**WORK INSTRUCTIONS:**
Your answer is the lines below, exactly, from the one that contains "Bloque Para Fotos" through the one that contains "Sunflower Design Ceramic Cup", both included.

**DATA RECORDS:**
↓↓↓
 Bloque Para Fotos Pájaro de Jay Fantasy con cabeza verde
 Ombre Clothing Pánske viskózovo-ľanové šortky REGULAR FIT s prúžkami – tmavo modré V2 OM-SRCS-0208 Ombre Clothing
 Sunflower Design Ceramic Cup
↑↑↑
↓↓↓
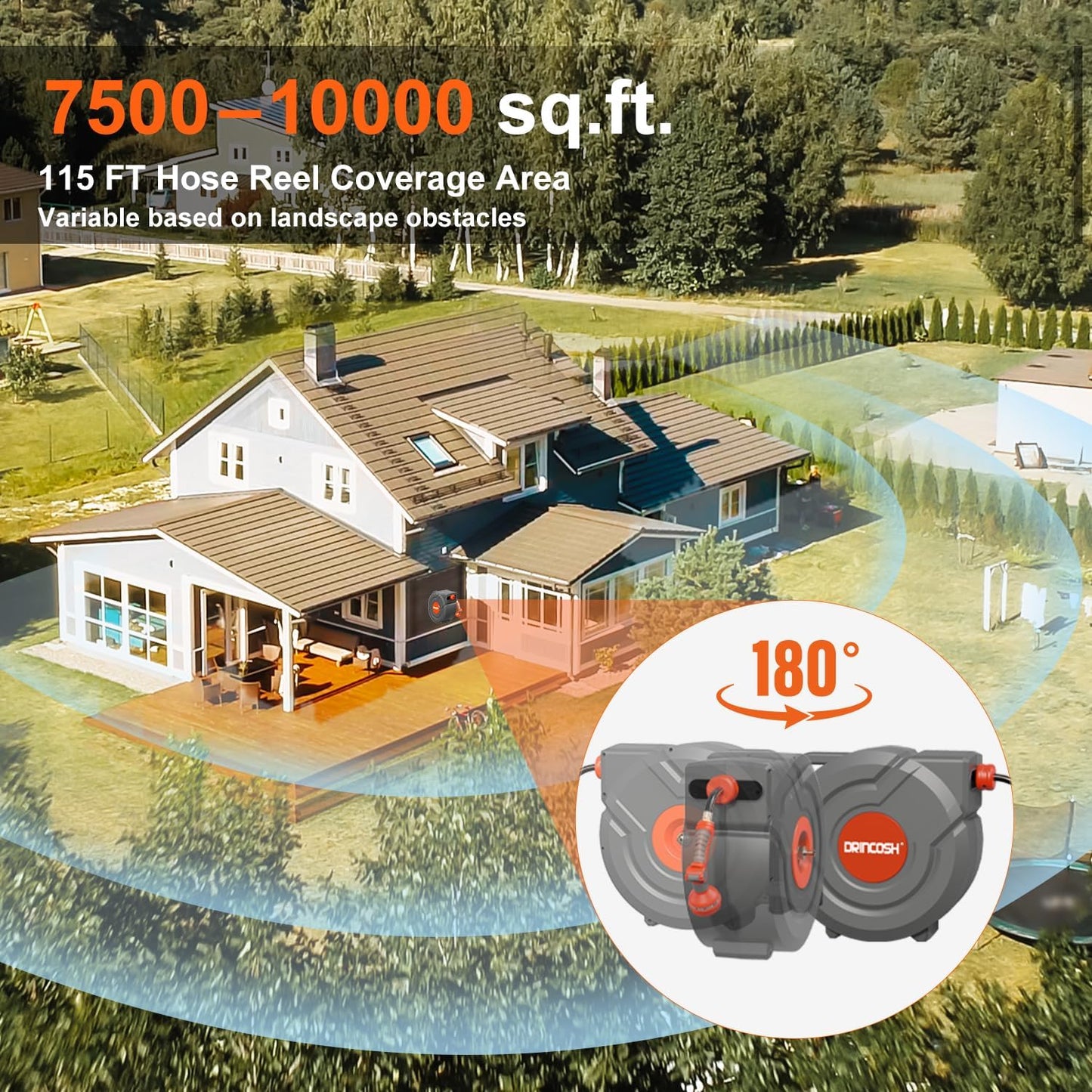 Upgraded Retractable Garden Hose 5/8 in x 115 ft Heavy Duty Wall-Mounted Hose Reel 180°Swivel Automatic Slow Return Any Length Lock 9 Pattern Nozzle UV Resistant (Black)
↑↑↑
**EXERCISE SOLUTION:**
 Bloque Para Fotos Pájaro de Jay Fantasy con cabeza verde
 Ombre Clothing Pánske viskózovo-ľanové šortky REGULAR FIT s prúžkami – tmavo modré V2 OM-SRCS-0208 Ombre Clothing
 Sunflower Design Ceramic Cup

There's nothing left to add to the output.